Lynne and Brooke, you both opened my eyes and made me learn something today. Thank you. xxx+o
Jess and Brooke – this whole post came out of a very enlightening dinner I had with a friend who has lost a bunch of weight. She has done it the right way – healthy eating and exercise under the guidance of a person trainer. But she has an 11 year old daughter who is a healthy, but not super skinny weight, and has been called “fat” by kids in her school. It was fascinating for me to listen to her explain that she didn’t want the acknowledgment, was being so super careful in how she approached and handled all of the discussions, and effectively putting herself second because she did not want her daughter to feel any pressure to lose weight. I’ve always been a “shout it from the mountaintops” person, but it made me wonder if my perspective would change once my girls get a bit older. I wrote this piece entirely from her point of view because I wanted to try it on for size. And while I may not 100% want to abide by it now, there may come a day when I do. But I love the discourse…and it is all good!

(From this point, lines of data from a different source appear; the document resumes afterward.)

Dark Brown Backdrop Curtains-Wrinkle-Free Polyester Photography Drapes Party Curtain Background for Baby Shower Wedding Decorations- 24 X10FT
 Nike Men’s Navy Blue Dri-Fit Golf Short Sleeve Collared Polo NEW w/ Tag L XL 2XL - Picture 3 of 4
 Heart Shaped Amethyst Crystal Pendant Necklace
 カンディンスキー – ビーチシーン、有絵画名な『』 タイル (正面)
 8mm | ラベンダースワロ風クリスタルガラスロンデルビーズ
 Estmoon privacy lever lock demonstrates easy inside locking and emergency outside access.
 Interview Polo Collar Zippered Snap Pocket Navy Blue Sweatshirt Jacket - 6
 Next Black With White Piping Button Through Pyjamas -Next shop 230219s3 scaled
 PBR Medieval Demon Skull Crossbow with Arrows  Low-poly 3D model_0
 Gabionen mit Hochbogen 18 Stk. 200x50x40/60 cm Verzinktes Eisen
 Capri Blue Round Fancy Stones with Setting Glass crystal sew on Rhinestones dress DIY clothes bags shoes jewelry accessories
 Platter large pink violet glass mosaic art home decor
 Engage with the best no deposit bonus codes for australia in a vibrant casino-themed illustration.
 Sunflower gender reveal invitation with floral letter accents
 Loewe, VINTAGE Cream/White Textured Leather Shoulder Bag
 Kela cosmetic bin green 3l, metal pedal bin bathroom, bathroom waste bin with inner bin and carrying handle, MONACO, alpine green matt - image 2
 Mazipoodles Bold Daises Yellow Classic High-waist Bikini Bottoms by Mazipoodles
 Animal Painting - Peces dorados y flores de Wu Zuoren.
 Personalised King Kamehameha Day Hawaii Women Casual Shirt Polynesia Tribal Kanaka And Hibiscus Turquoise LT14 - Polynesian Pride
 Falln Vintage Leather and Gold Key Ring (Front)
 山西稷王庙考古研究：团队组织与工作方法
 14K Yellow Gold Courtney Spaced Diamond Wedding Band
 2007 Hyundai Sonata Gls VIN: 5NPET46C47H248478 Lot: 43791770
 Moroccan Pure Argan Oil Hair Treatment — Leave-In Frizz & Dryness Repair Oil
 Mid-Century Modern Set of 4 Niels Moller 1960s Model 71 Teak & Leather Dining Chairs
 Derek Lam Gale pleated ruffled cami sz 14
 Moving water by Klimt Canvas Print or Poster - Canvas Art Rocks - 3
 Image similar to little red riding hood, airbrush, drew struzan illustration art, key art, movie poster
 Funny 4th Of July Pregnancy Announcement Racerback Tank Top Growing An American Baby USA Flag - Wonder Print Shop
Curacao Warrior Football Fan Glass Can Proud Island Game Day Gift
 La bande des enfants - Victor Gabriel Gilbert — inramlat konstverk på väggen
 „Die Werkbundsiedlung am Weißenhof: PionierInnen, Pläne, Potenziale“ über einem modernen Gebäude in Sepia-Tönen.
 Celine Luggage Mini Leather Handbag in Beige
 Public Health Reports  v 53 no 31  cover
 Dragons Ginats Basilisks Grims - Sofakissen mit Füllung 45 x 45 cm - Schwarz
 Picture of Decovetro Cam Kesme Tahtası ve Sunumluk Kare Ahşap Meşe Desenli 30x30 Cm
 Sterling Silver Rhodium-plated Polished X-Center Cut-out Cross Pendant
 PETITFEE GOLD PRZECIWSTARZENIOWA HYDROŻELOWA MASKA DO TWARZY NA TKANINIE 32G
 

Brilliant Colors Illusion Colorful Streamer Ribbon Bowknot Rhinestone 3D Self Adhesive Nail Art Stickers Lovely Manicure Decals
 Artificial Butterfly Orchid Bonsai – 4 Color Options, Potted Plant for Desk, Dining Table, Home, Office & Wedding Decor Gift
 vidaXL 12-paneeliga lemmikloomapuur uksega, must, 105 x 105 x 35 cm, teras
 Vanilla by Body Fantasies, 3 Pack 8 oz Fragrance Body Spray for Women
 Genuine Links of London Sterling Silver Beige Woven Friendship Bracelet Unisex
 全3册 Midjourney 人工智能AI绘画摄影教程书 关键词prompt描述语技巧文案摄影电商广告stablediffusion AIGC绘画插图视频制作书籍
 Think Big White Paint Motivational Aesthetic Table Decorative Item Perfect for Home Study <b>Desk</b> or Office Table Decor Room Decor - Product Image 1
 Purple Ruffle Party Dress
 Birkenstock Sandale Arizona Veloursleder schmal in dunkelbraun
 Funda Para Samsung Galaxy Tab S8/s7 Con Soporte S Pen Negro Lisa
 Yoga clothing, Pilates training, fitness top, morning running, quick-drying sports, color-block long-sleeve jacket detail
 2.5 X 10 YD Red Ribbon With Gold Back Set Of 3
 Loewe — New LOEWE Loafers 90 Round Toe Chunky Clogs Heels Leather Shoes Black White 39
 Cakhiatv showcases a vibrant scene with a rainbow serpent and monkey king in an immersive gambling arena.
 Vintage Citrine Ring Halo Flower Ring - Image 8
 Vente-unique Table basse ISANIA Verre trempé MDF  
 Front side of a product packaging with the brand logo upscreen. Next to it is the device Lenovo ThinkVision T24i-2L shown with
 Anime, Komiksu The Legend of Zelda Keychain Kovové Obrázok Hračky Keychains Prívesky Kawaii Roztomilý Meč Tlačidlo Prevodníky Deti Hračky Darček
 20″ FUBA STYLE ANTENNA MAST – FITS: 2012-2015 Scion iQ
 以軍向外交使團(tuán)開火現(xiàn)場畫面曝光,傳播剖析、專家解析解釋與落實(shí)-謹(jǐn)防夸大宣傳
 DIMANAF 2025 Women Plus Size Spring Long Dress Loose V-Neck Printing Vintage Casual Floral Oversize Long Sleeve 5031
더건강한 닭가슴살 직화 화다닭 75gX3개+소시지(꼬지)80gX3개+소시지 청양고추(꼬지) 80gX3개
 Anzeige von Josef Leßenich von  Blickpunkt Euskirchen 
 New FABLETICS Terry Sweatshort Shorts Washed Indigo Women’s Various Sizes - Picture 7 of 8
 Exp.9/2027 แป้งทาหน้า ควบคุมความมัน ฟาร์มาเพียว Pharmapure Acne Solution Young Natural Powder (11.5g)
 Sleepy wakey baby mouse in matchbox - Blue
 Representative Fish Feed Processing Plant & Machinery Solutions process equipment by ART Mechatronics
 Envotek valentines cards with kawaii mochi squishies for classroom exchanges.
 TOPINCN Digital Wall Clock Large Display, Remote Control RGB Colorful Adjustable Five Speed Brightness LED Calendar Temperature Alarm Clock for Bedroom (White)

This is a really interesting perspective, and I enjoyed hearing the story behind it. I struggle with my own body weight/issues, and on one hand, I love hearing that I “look great” from time to time. At the same time, I don’t want any of my body issues to transfer to my daughter so I try very hard to never make comments about anything body-related in front of her. Instead I tell her that I exercise to keep my body strong and healthy. I’ve never thought of the “you look great” compliment as a psychological attack, although I can see that side of it. I love this line: “I am and always will be the same person and a few inches more or less isn’t going to change that.” Thanks for the great post.